*What you will do*:
Your transcription must include every record word for word and no pictures.

(Dataset excerpts)

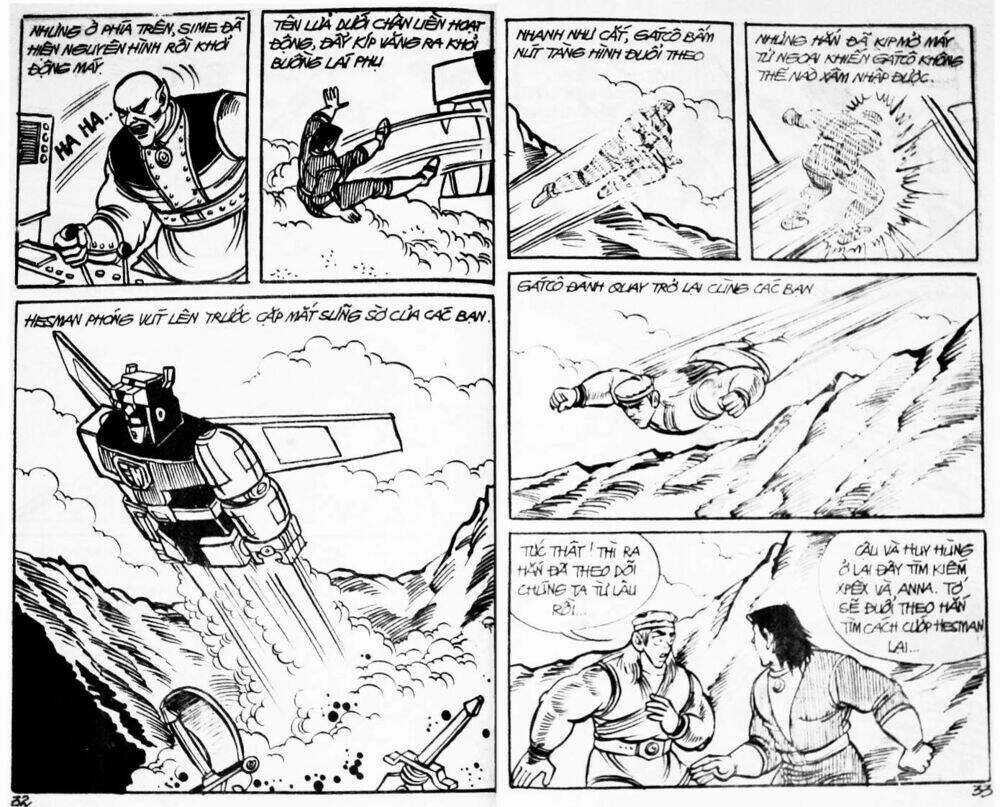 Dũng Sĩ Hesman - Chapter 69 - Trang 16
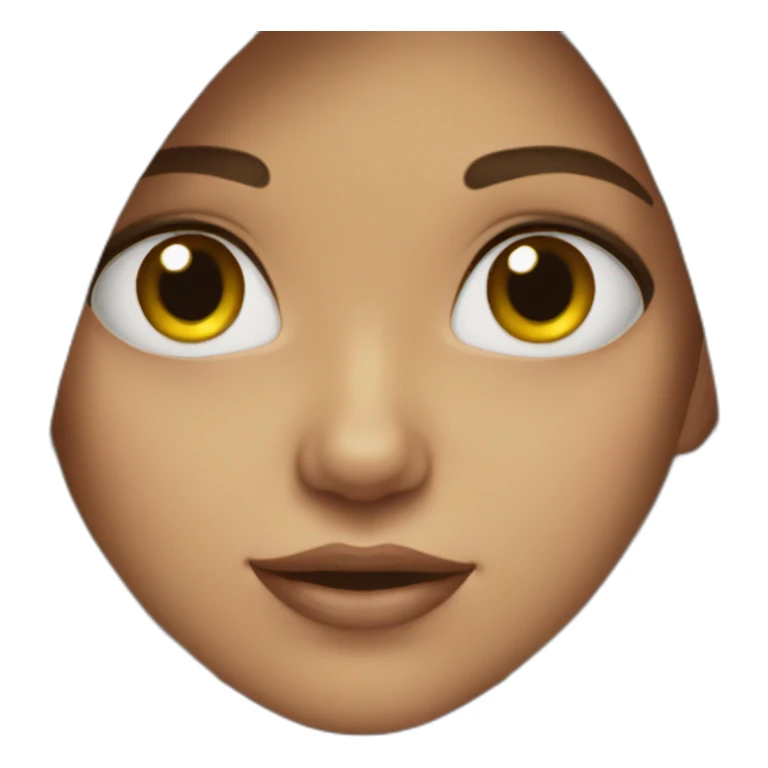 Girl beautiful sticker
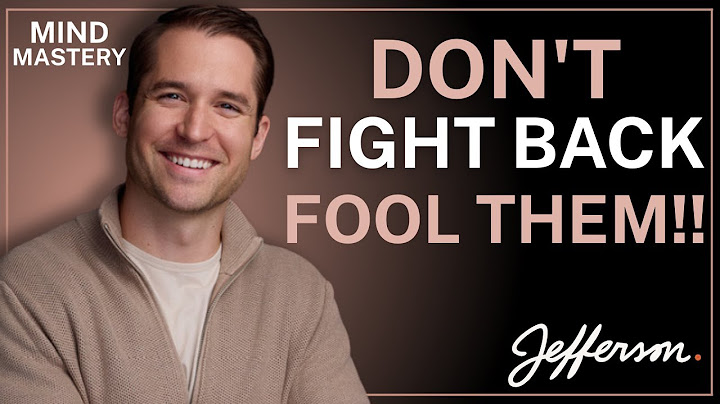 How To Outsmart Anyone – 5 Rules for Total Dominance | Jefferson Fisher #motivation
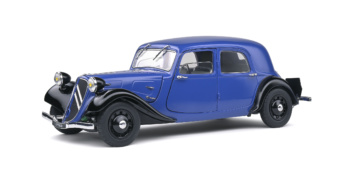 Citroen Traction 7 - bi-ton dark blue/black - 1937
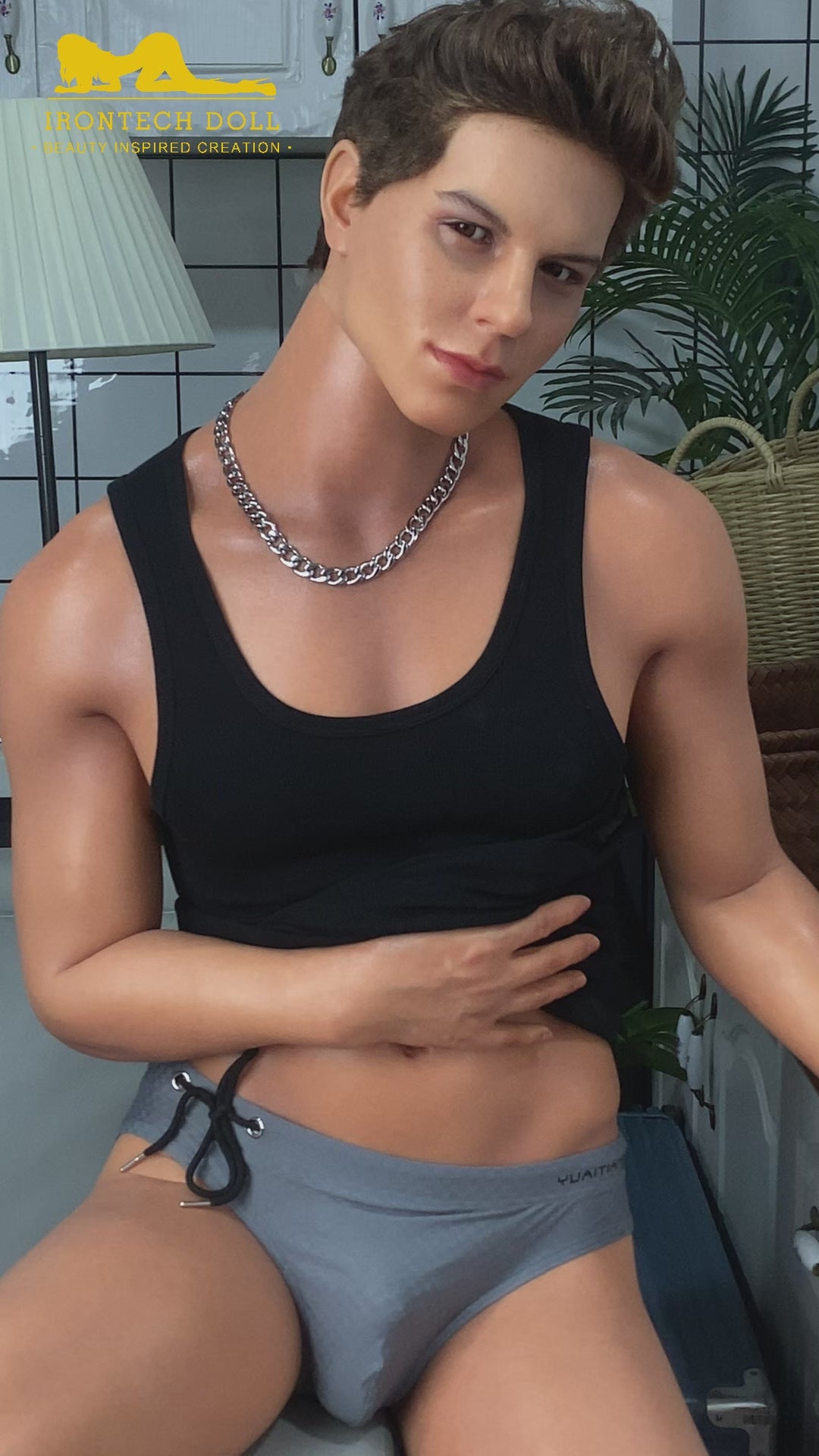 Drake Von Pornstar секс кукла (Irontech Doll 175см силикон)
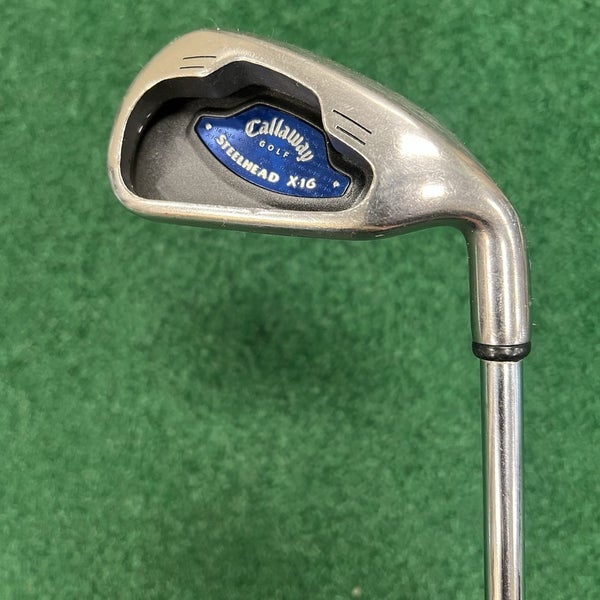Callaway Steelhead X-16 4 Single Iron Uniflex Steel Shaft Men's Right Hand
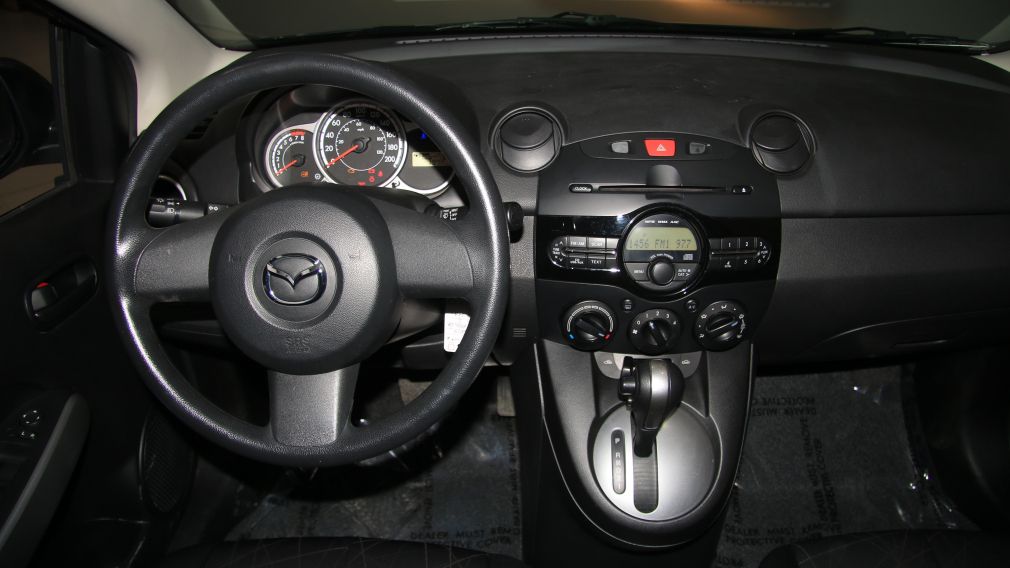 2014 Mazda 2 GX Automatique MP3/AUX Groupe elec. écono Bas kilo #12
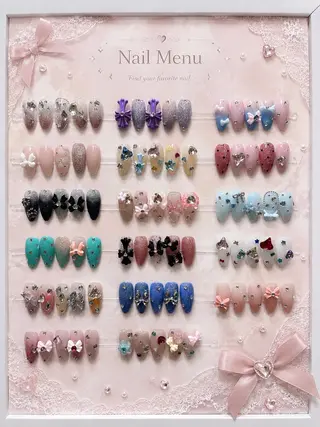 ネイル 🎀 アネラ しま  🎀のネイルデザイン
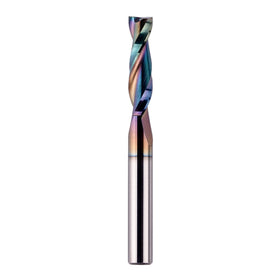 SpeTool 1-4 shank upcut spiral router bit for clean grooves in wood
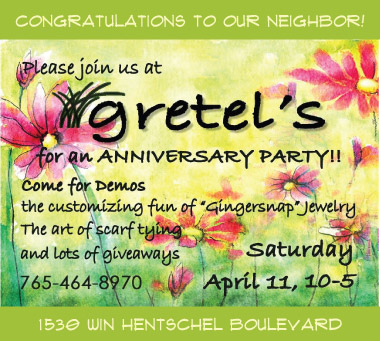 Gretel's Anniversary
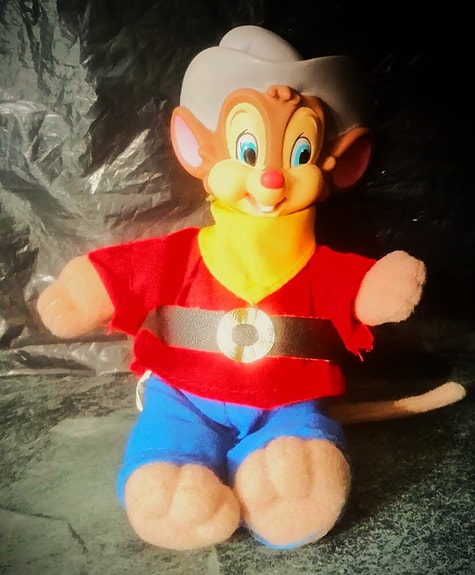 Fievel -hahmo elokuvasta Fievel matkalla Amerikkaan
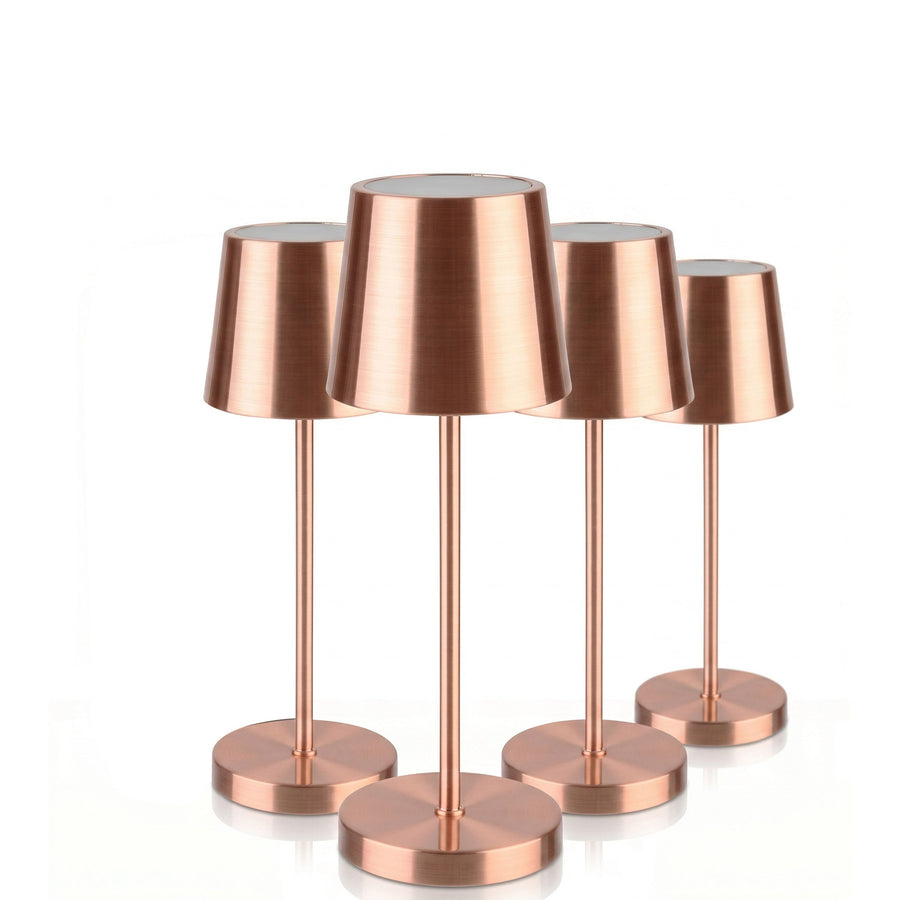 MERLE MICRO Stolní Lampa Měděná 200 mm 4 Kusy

(End Dataset excerpts)

*Output of the task*:
 Dũng Sĩ Hesman - Chapter 69 - Trang 16
 Girl beautiful sticker
 How To Outsmart Anyone – 5 Rules for Total Dominance | Jefferson Fisher #motivation
 Citroen Traction 7 - bi-ton dark blue/black - 1937
 Drake Von Pornstar секс кукла (Irontech Doll 175см силикон)
Callaway Steelhead X-16 4 Single Iron Uniflex Steel Shaft Men's Right Hand
 2014 Mazda 2 GX Automatique MP3/AUX Groupe elec. écono Bas kilo #12
 ネイル 🎀 アネラ しま  🎀のネイルデザイン
 SpeTool 1-4 shank upcut spiral router bit for clean grooves in wood
 Gretel's Anniversary
 Fievel -hahmo elokuvasta Fievel matkalla Amerikkaan
 MERLE MICRO Stolní Lampa Měděná 200 mm 4 Kusy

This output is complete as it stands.